Я спрятала телефон в сумке и попыталась сосредоточиться на математике. Он знал что делать? Он понял, как остановить Тсукиёми? Должен быть другой способ. Должен.
Когда прозвенел звонок на обеденный перерыв, я схватила пальто, быстро переобулась и выбежала к вратам.
Он уже ждал там, челка закрывала глаза, велосипед был прислонен к стене.
— Что нам делать? — спросила я, но он покачал головой.
— Не здесь. Едем в закусочную на станции, — он указал на место на велосипеде, и я села, обхватив его за пояс, а он сорвался с места, крутя педали.
— Потому что там шумно, и нас никто не услышит? — спросила я.

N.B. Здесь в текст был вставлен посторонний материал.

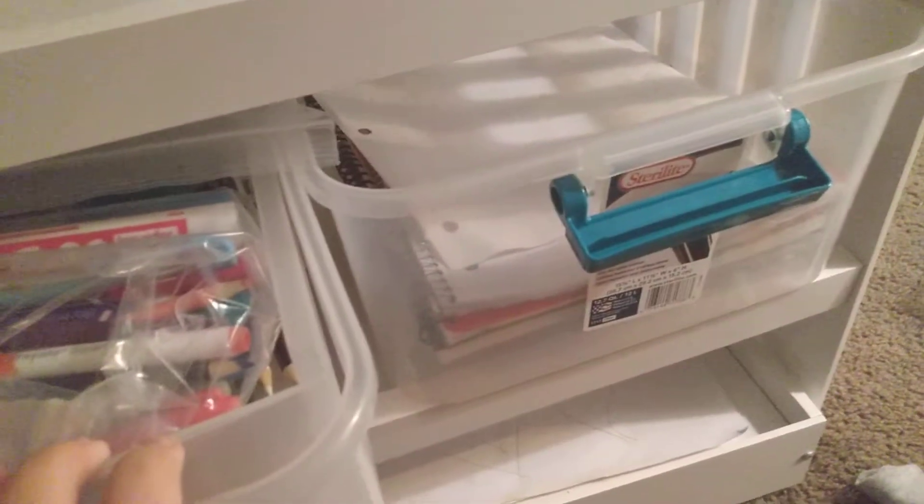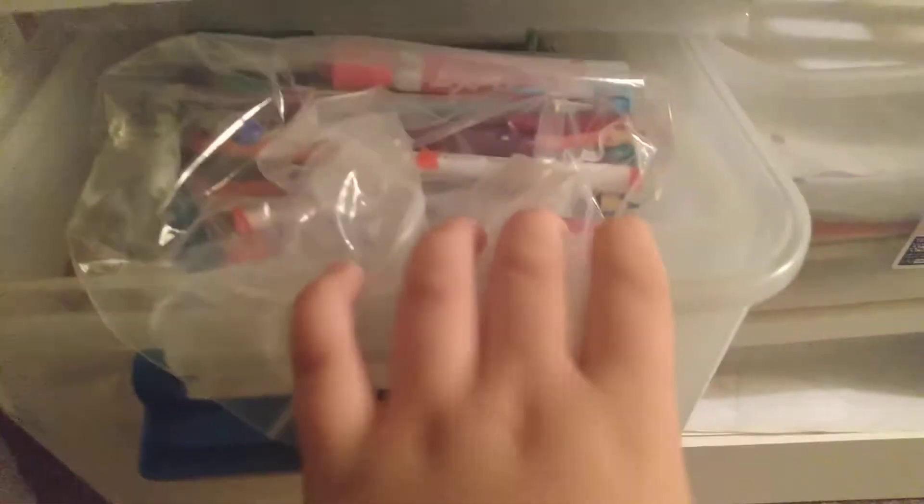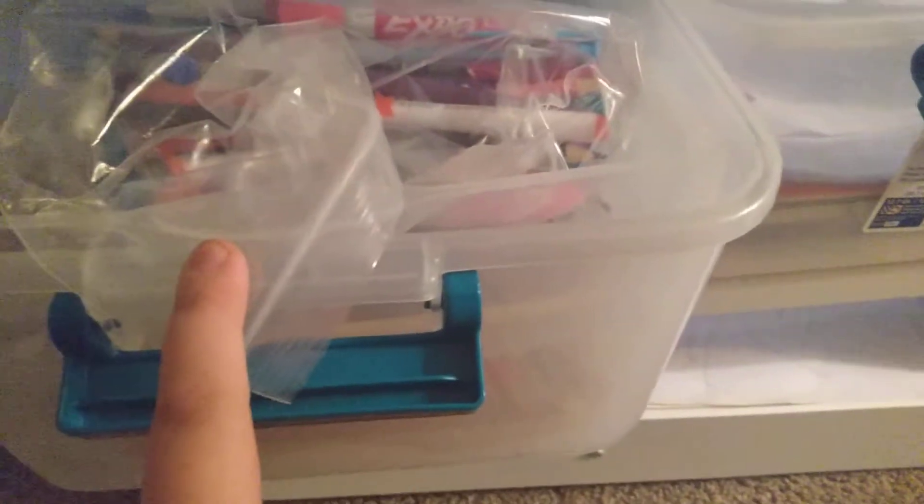I came with this, two of these, two of these things. You can use it over there. And some bags — you need some. Let's get on to the video.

— Нет, потому что я голоден и хочу бургер.
Не удивительно.
Мы устроились в закусочной, и Томо заговорил, когда откусил огромный кусок своего бургера.
— Мне приснилось… — он вытер рот рукой. Я скривилась и передала ему салфетку, он улыбнулся. — Что, не нравятся пещерные люди?
— Говори, а не разбрасывайся едой, — сказала я, он закатил глаза. — Мне тоже снился сон.
— Со мной говорила Аматэрасу, — сказал он. — Ярче сна у меня не было. Что-то все же прояснилось.
Я удивленно смотрела на него.
— Она говорила и со мной, — я попробовала бургер с терияки и кукурузой.
— Усо, — сказал он. — Странно. Зато мы можем быть на верном пути. Она сказала, что нужны сокровища, чтобы остановить Тсукиёми.
— Что-то… похожее она сказала и мне, — отозвалась я, не зная, что еще Аматэрасу поведала Томо. Сказала ли, что я его предам? Я замешкалась. Больше никаких секретов. — Томо?
— Хмм? — он потягивал молочный коктейль.
— Аматэрасу… Она сказала мне, что я предам тебя. Но я хочу сразу сказать, что никогда этого не сделаю.
Томо был мрачным мгновение, а потом пожал плечами.
— Я знаю, — сказал он. — Во снах мне постоянно лгут.
Он принялся загибать пальцы, перечисляя то, что там услышал.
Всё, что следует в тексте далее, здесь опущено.